Rechtbank Haarlem, 27-02-2008, BC7043, 371182 VV EXPL 08-15
Rechtbank Haarlem, 27-02-2008, BC7043, 371182 VV EXPL 08-15
Gegevens
- Instantie
- Rechtbank Haarlem
- Datum uitspraak
- 27 februari 2008
- Datum publicatie
- 18 maart 2008
- ECLI
- ECLI:NL:RBHAA:2008:BC7043
- Zaaknummer
- 371182 VV EXPL 08-15
Inhoudsindicatie
Concurrentiebeding. Kantonrechter is van oordeel dat het beding opnieuw schriftelijk had moeten worden aangegaan op het moment dat het assortiment door overname van een ander bedrijf werd uitgebreid.

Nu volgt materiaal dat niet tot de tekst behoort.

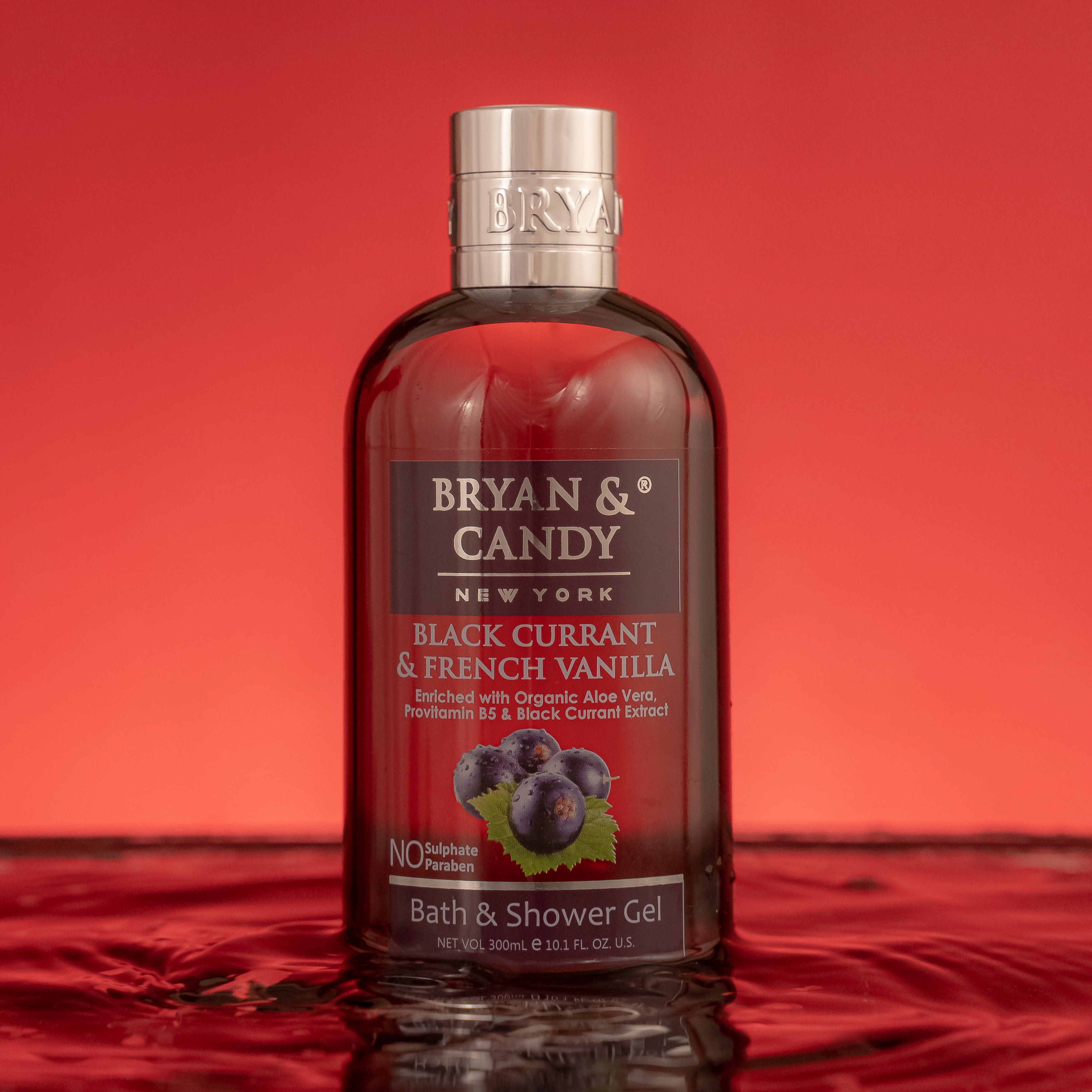 Buy Now Black Currant & French Vanilla Shower Gel Online BRYAN & CANDY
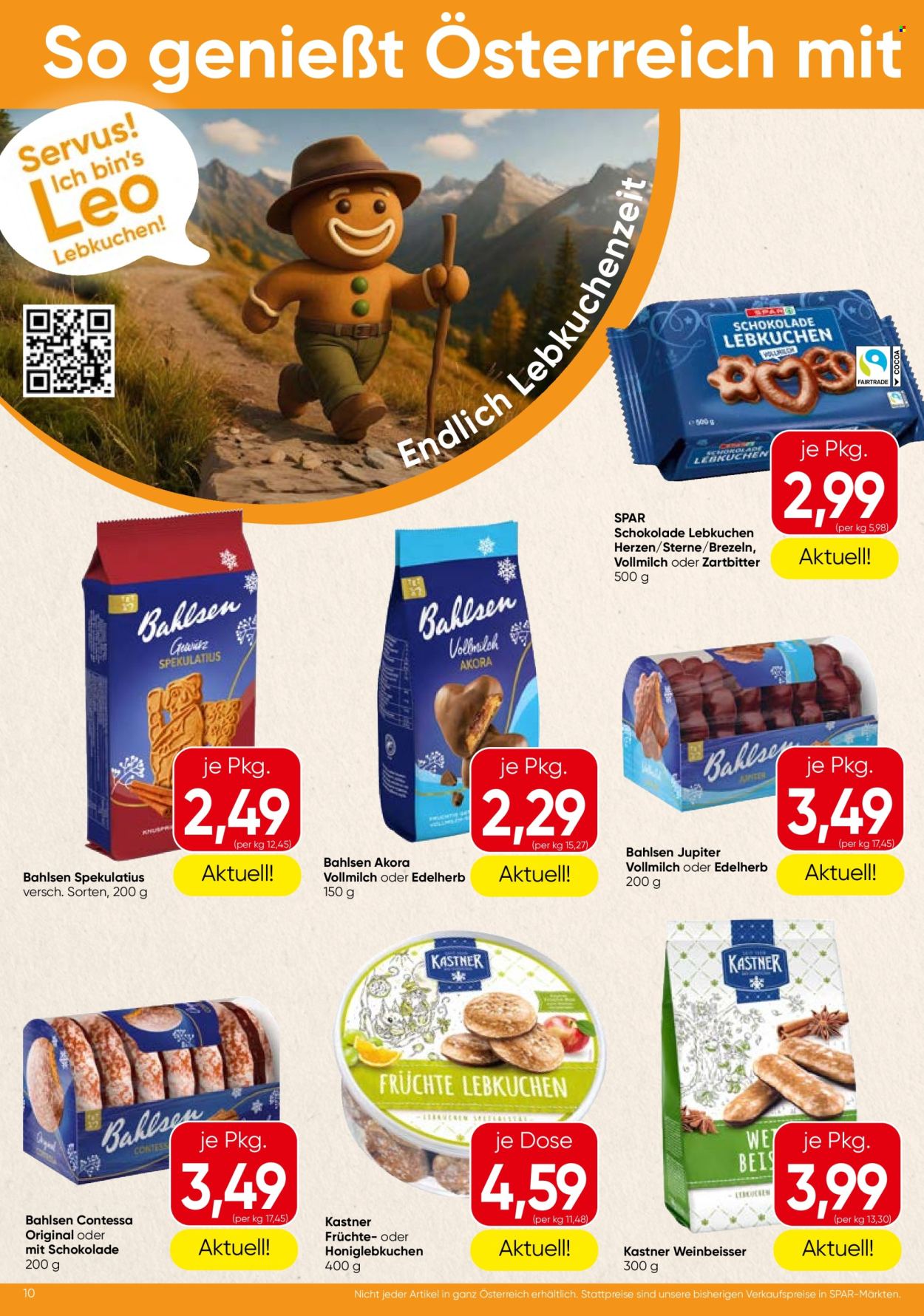 Angebote INTERSPAR - 1.10.2026 - 7.10.2026. Seite 10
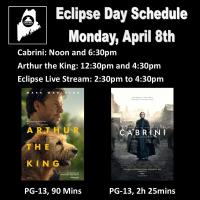 Center Theatre Eclipse Day Events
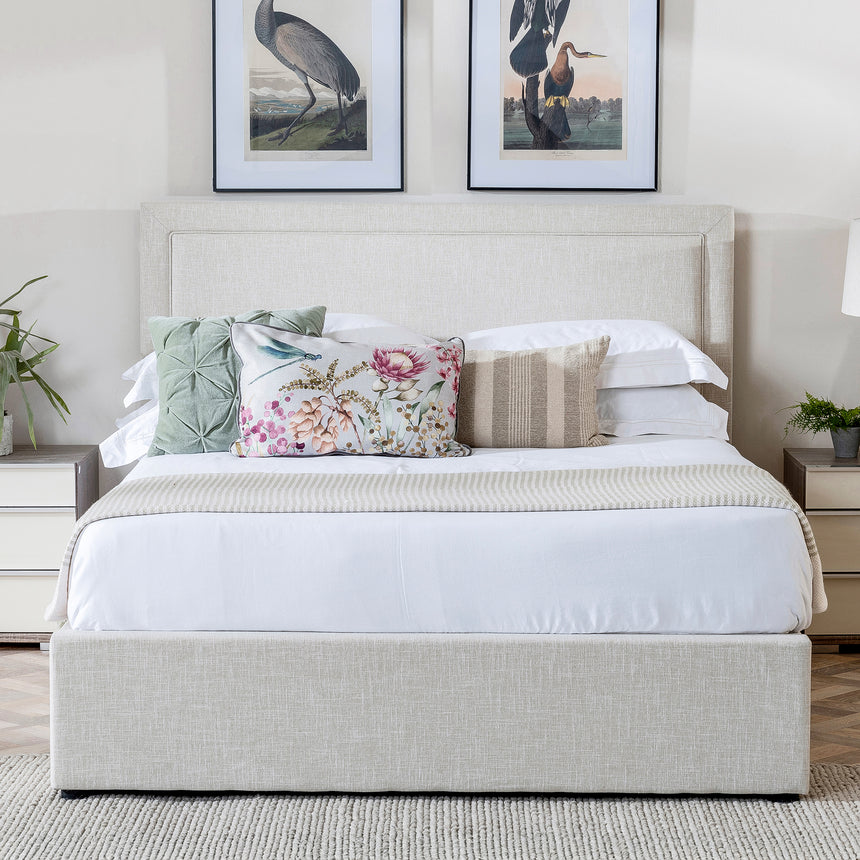 Conley Fabric Ottoman Storage Bed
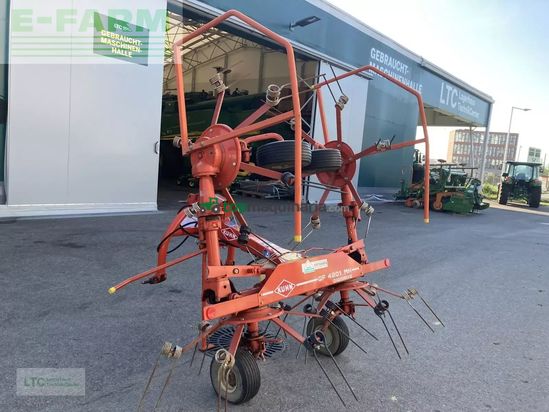 Henificador - Kuhn - gf 4201 hm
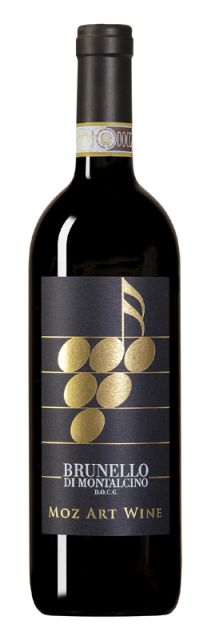 Il Paradiso Di Frassina – Moz Art, Brunello di Montalcino DOCG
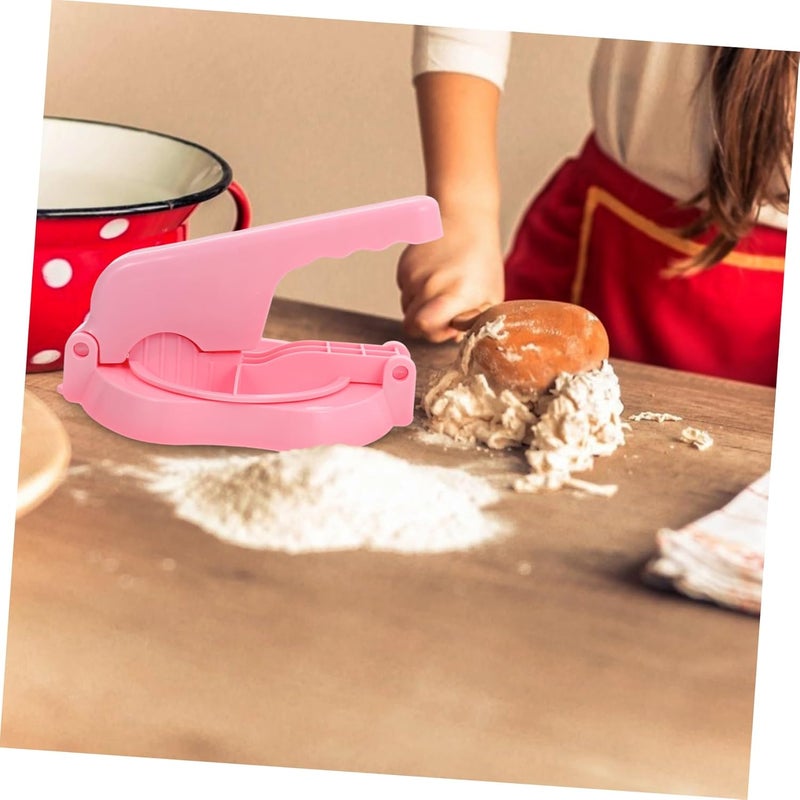 Ciieeo 1Pc Pastry Dough Presser for Dumplings Ravioli Fried Dumplings Ergonomic Kitchen Tool Easy to Clean for Home Cooking Baking - Image 3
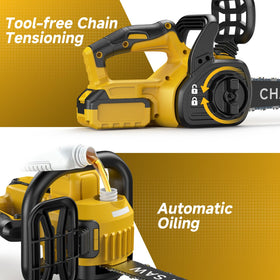 VeriLuxe durable steel bar and chain support reliable performance.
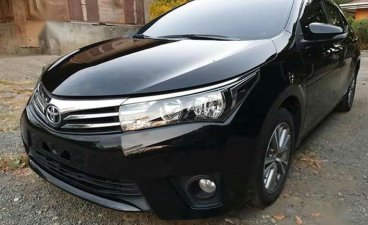 2nd Hand Toyota Altis 2016 Manual Gasoline for sale in Las Piñas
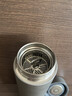 DICAZEE純鈦保溫杯男士商務(wù)車載水杯禮盒送禮茶水分離泡茶杯子定制禮物 鈦晶灰【雙層純鈦 】500ML 曬單實(shí)拍圖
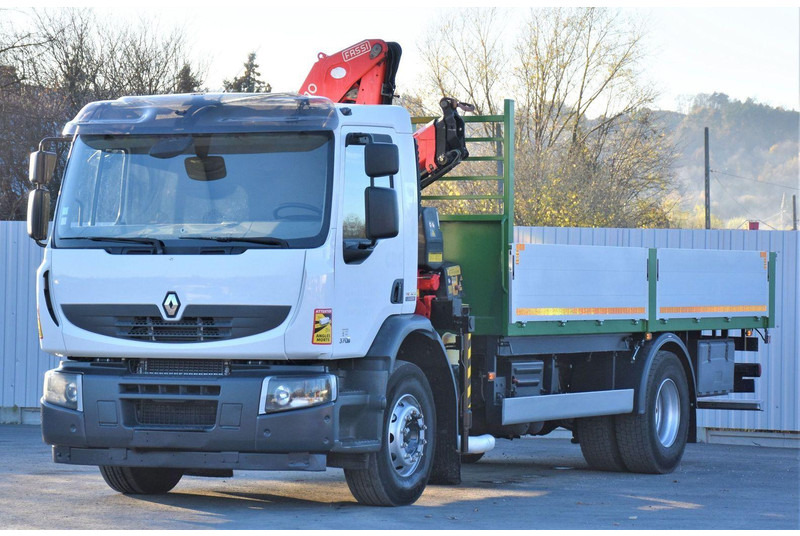 Renault - Sal/ Açık kasa kamyon, Vinçli kamyon: fotoğraf 4 Renault - Sal/ Açık kasa kamyon, Vinçli kamyon: fotoğraf 4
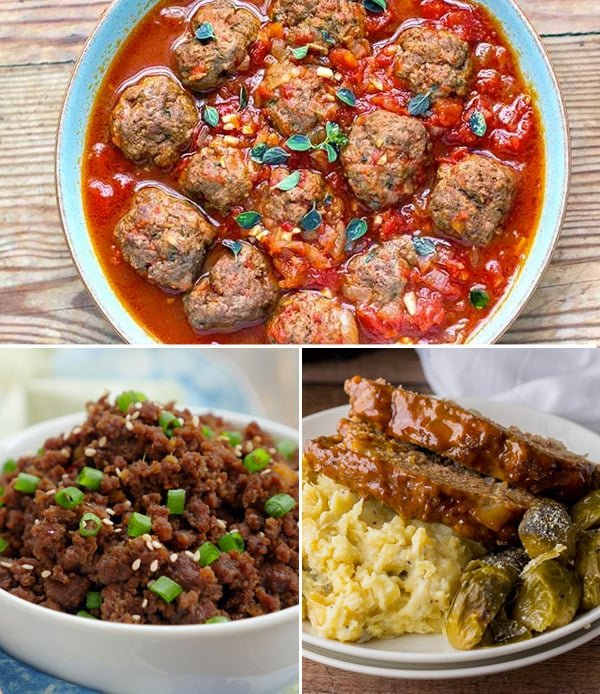 Instant Pot Ground Beef Recipes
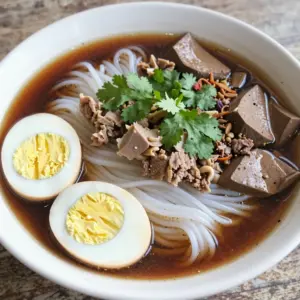 Nationalgericht Singapur: Kway Chap (Rezept)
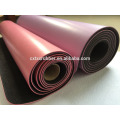 Sweat Absorbent fintness wonderful PU leather yoga mat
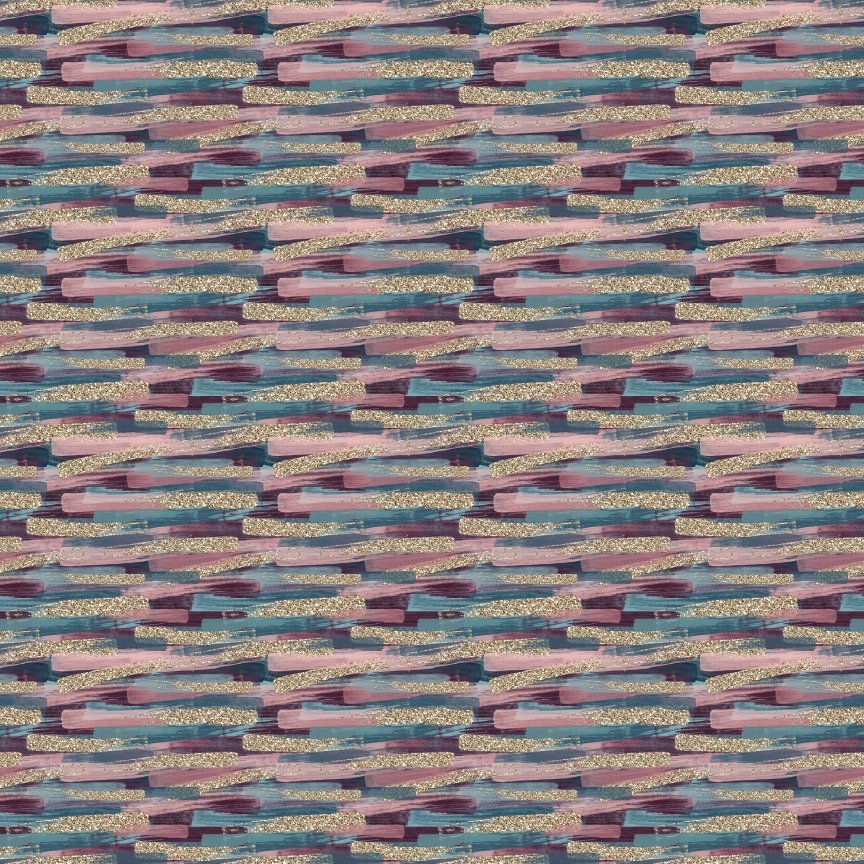 Book Lover Brush Strokes Pattern Acrylic Sheet - CMB Pattern Acrylic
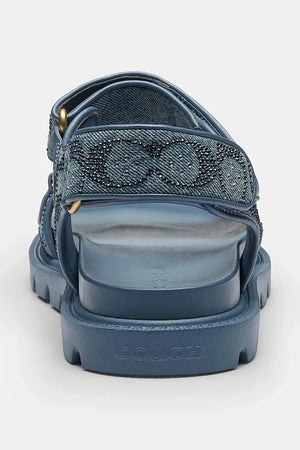 Sandalias de mujer Coach Brynn Dnm Cry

Oorspronkelijke beding blijft wel zijn gelding behouden, maar is niet van toepassing op de uitbreiding van het assortiment. Werknemer wordt gehouden aan het oorspronkelijke concurrentiebeding en wordt verboden bij een concurrent in dienst te treden.
Uitspraak
RECHTBANK HAARLEM
Sector kanton
Locatie Haarlem
zaak/rolnr.: 371182 / VV EXPL 08-15
datum uitspraak: 27 februari 2008
VONNIS VAN DE KANTONRECHTER IN KORT GEDING
inzake
de besloten vennootschap
KONE DEURSYSTEMEN B.V.
te Veenendaal
eisende partij in conventie
verwerende partij in reconventie
hierna te noemen KONE
gemachtigde: mr. G. Bloem
tegen
[gedaagde]
te [woonplaats]
gedaagde partij in conventie
eisende partij in reconventie
hierna te noemen [gedaagde]
gemachtigde: mr. S. Le Noble
In conventie en in reconventie
De procedure
KONE heeft [gedaagde] op 29 januari 2008 gedagvaard. [gedaagde] heeft een conclusie van antwoord ingediend, tevens houdende conclusie van eis in reconventie. De mondelinge behandeling heeft plaatsgevonden op 15 februari 2008, waarbij de gemachtigde van KONE zich heeft bediend van een pleitnotitie. De griffier heeft aantekening gehouden van hetgeen partijen verder naar voren hebben gebracht. Partijen hebben nog stukken in het geding gebracht.
De feiten
Als enerzijds gesteld en anderzijds erkend, dan wel niet of onvoldoende betwist en/of op grond van de onweerspro¬ken inhoud van de overgelegde producties, staat tussen partij¬en het volgende vast:
a. [gedaagde] is per 1 september 1990 in dienst getreden van Eldebe B.V. in de functie van servicemonteur.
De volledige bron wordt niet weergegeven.